So konterkariert er die gerissenen Entführungen und die ruchlosen Exekutionen der Puccio-Opfer und -Feinde mit vergnüglicher Rockmusik. In der einprägsamsten Szene des von Alejandro Carrillo und Penovi Pablo Trapero geschnittenen Films zeigt eine Parallelmontage, wie Arquímedes einen Mord nach dem nächsten anordnet, während sein Sohn Alejandro seine zukünftige Frau Monica (Stefanía Koessl) besser kennenlernt und letztlich erstmals mit ihr Sex hat.
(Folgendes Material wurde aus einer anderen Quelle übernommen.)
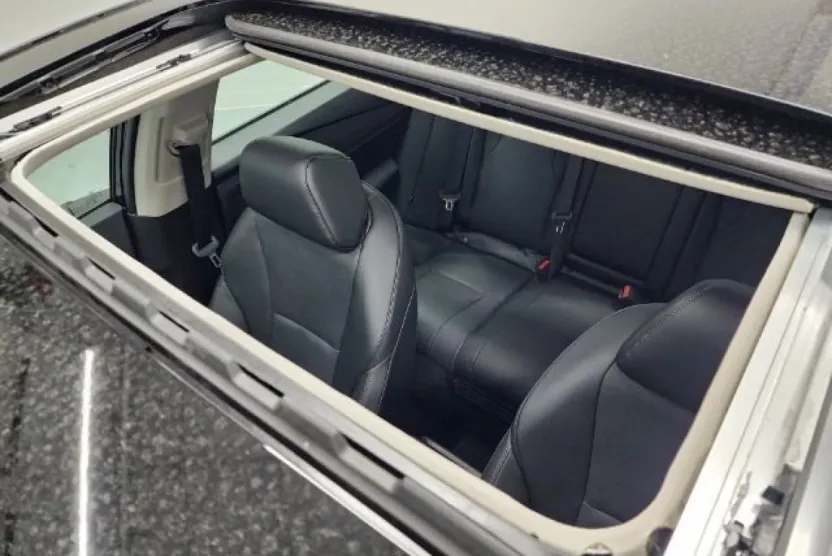 2025 Honda Accord Hybrid Touring photo 1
Das Luststöhnen des Paares verschmilzt mit den Hilfeschreien der Puccio-Gefangenen, beides vermengt sich mit „Sunny Afternoon“ der Kinks und steigert sich zu einem musikalischen und visuellen Klimax. Diese stilistisch irgendwo zwischen Martin Scorsese und Quentin Tarantino angesiedelte Montage versinnbildlicht, wie abgeschmackt und emotional zerreißend es wohl sein muss, als mitwissender Spross eines brutalen Ganoven privat langsam aufzublühen. Der Schneid dieser Sequenz zieht sich aber leider nicht durch den gesamten Film.
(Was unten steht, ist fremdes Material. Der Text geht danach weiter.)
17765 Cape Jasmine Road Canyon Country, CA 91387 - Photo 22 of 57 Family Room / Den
Die filmische Geschichtsverarbeitung, die 2015 in Argentinien Besucherrekorde aufgestellt hat, verliert sich nämlich in dramaturgische Spielereien, statt den inneren Konflikt seines Protagonisten auszuloten. Peter Lanzani gibt als Alejandro, genannt Alex, zwar eine solide Performance ab, das Dialogbuch gibt ihm jedoch wenig Gelegenheit, die innere Zerrissenheit des Rugby-Nationalspielers und Gangster-Sohnes zur Schau zu stellen. Das Unwohlsein Alejandros macht der TV-Star und Sänger deutlich, das emotionale Aufbegehren gegen seinen übermächtigen Vater kommt hingegen nur in wenigen Sequenzen zur Geltung – und in diesen liegt der inszenatorische Fokus auf Arquímedes.
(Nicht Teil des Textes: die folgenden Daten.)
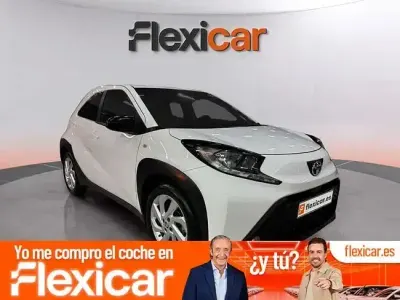 Usado Toyota Aygo 72 CV (52 kW) 2024 Blanco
Da Regisseur und Autor Pablo Trapero mit Rückblenden und Vorausblicken arbeitet, sorgt er zusätzlich für eine emotionale Distanzierung von seinen Figuren. Mit Alex mitzufiebern fällt daher vergleichsweise schwer, was den Zuschauer zu einem entrückten Betrachter der Familienzwistigkeiten macht. Des Weiteren dürfte es einem über argentinische Geschichte nicht informierten Publikum bei den vielen Zeitsprüngen nicht leicht fallen, der im Hintergrund ablaufenden Chronik der politischen Entwicklung Argentiniens durchweg zu folgen. Dennoch vermag es Guillermo Francella, in seiner Heimat vornehmlich als Comedian bekannt, mit eiskalten, strengen und starren Augen eine einschüchternde, fesselnde Leinwandpersönlichkeit aufzubauen. Die Intensität Francellas ist es auch, die gemeinsam mit der erwähnten Montagesequenz sowie kleineren Plansequenzen, in denen der Regisseur erschreckende Entwicklungen sehr stylisch einfängt, für eine dichte Atmosphäre sorgt.
Mit etwas mehr als 100 Minuten Laufzeit ist El Clan zwar etwas zu kurz, um seine zentralen Figuren mit Tiefe zu versehen, oder alternativ etwas zu lang, um als raue, flotte Gangsterposse zu fungieren. Für ein interessiertes Publikum ist El Clan dennoch ein sehr reizvoller, tonal faszinierender Einblick in die Geschichte und Filmkunst Argentiniens. Und einen denkwürdigeren Filmschluss hat es im Thrillerdrama-Bereich schon lange nicht mehr gegeben!